Shotcut supports multiple instances and if you set one instance off to Export a project you can open another instance and start a new one at the same time. So, I tried opening a second instance of Shotcut and got the four Processes display like yours. But closing each Shotcut instance saw the proper removal of each pair of processes.
Incidently, I am often fascinated by the “plumbing” of these machines and noticed that leaving my desktop PC running “idle” for a while results in higher than normal CPU spikes which I think are being caused by the Google Chrome Internet browser. Closing and reopening Chrome restores proper operation - but I’m going “Hmmmmmm, I wonder why?”
-=Ken=-
Based on past experience, I generally ignore snap. I’m sure it has its value, but I’ve never seen the value, and I have seen it fail with Shotcut. Too regularly. Thank goodness for the portable release.

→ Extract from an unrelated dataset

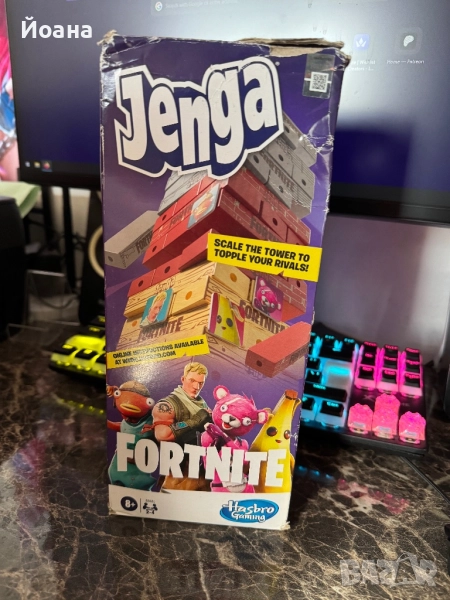 Фортнайт Дженга, снимка 1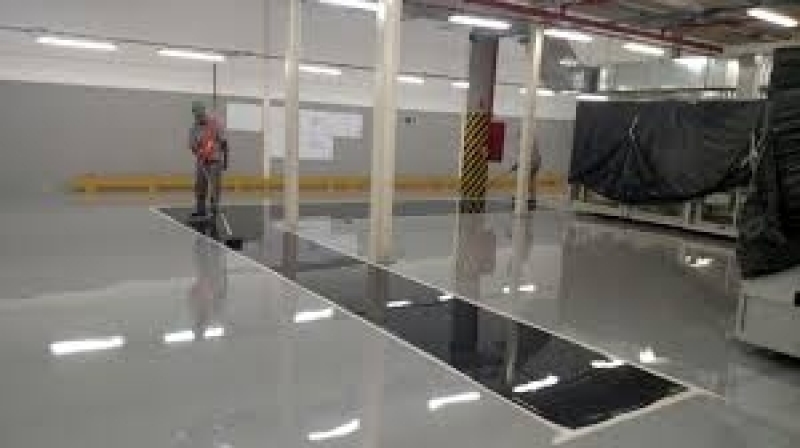serviço de pintura epóxi em alumínio preço Rio Claro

It didn’t dawn on me that I can run multiple iterations of Shotcut
It’s very puzzling that the processes don’t end. They’re not zombie processes (mercifully, haven’t seen any in a very long time). That is, they respond to end and kill. Hmmmm… I suppose I could launch Shotcut with a script that does killall at the start of a session…
AFAIK, nothing else I run hangs around after it’s been ended.
I haven’t tried Chrome under Linux. I’ll keep an eye out for something else that decides to use CPU cycles for no obvious reason.
You are probably seeing multiple processes for threads. If you added a clip to the timeline, then a thread is generating waveforms, which can take a while on long source clips.
At the moment the project has 14 additional audio clips (music, typically about 3 minutes long). Is there anything which sppeds up generating the waveforms, or at least doesn’t slow down the process?